Book Bits: 08 February 2025

The Humble Investor: How to find a winning edge in a surprising world
Daniel Rasmussen
Interview with author via Bloomberg
Financial forecasting is a mainstay of finance and economics. Banks use them to analyze how well a company should be doing a few years from now; governments use them to set their budgets. But how often are those prognostications—on which so much depends— actually accurate? Not very often, according to Daniel Rasmussen, founder of Verdad Advisers, author of The Humble Investor: How to Find a Winning Edge in a Surprising World and guest on this week’s episode of Merryn Talks Money.

Inertia: Purposeful Inefficiencies in Financial Markets
Yuval Millo, et al.
Summary via publisher (Columbia U. Press)
Financial professionals are paid as if they were capable of “beating the market” on a regular basis. In fact, active fund managers routinely underperform low-cost index funds, and financial analysts frequently produce inaccurate stock recommendations—and many receive large fees even when their clients are losing money. Why do financial intermediaries still persist in the investing world despite this track record? Economic theory, obsessed with notions of market efficiency, has no good answer.

Inevitable: Inside the Messy, Unstoppable Transition to Electric Vehicles
Mike Colias
Summary via publisher (Harvard Business Review Press)
The question is no longer if electric vehicles will happen, or even when they’ll happen, but how. Veteran automotive reporter Mike Colias takes you inside the transformation in this thoroughly reported profile of the hard pivot in the car business, a $2 trillion industry undergoing the biggest change in its 120-year history–a change that is already sending ripples across the entire global economy. Colias documents the inevitable shift from pistons to electrons from every angle, taking you inside the boardrooms where executives battle over their EV strategies to take on Tesla and, more recently, emerging Chinese powerhouses such as BYD.

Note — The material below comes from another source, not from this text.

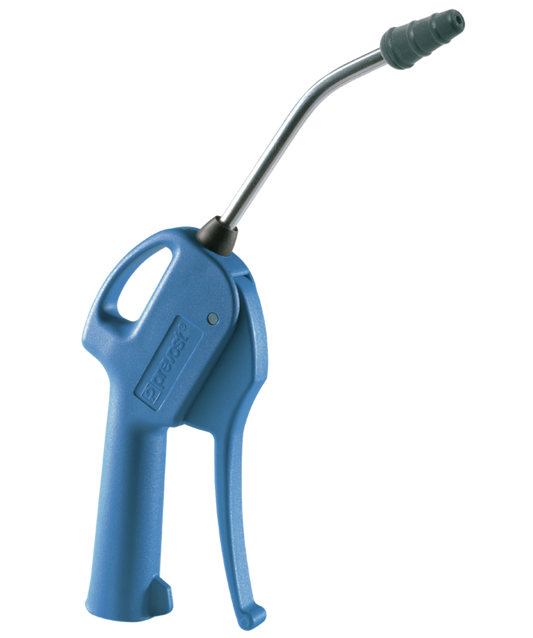 Prevost 27202 MTLRT air blow gun with 4-inch bent metal nozzle, non-scratch rubber tip and blue composite trigger body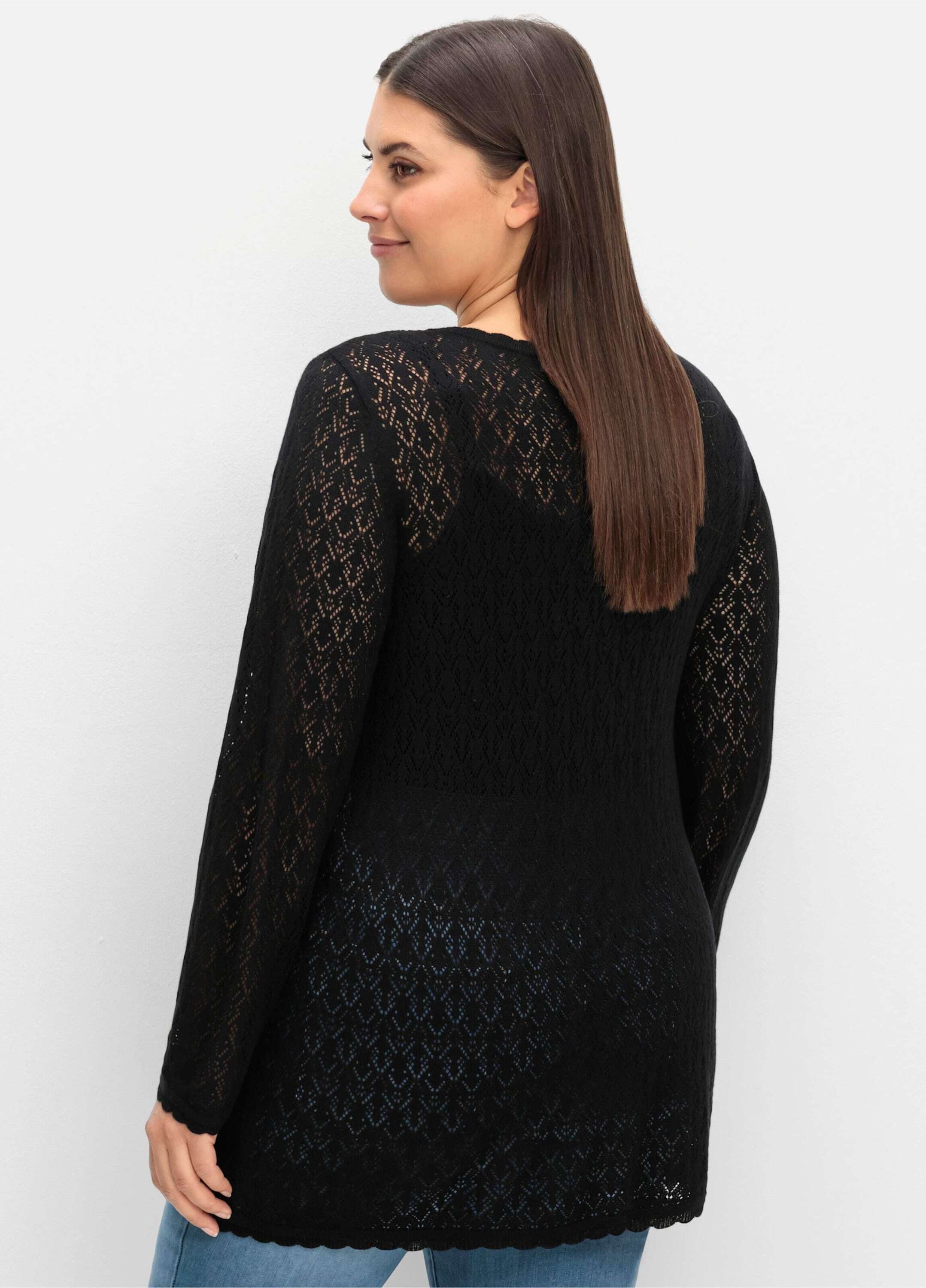 Sheego Strickpullover V-Ausschnitt-Pullover Langarm aus Ajourstrick, in lei günstig online kaufen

Source Code: My Beginnings
Bill Gates
Review via The Wall Street Journal
We cling to tidy success narratives—appealing stories that trace an outsize triumph to a single critical decision, a vital personality trait, a striking incident from childhood. Such stories make extraordinary success seem comprehensible, perhaps (we imagine) even attainable. Yet reality tends to be more complicated. At a certain level of achievement, success is unfathomably contingent, requiring a hefty amount of luck on top of remarkable ability and durable conviction. In “Source Code,” Bill Gates’s chronicle of his early years, we are treated to an unexpectedly revealing account of the swirl of factors leading to the birth of Microsoft and the ascent of personal computing.

The Professional’s Guide to Long-Term Investing: What to Buy, When to Sell, and the Factors Every Investment Manager Ought to Consider
Charles F. Pohl
Summary via publisher (Amplify Publishing Group)
From the former chairman and chief investment officer of storied mutual fund management firm Dodge & Cox—the ultimate guide to professional long-term investing. There are no easy answers to achieving investment success. But for professional investors, there are fundamentals that can help you consistently make good decisions that you can firmly stand behind and increase the likelihood of consistent high returns. In the spirit of the classic The Little Book of Common Sense Investing but tailored to the needs of fund managers and analysts at all levels, former Dodge & Cox chairman and CIO Charles Pohl reveals the core insights and strategies that helped steer the company to the greatest performance record among its peers over any long-term period.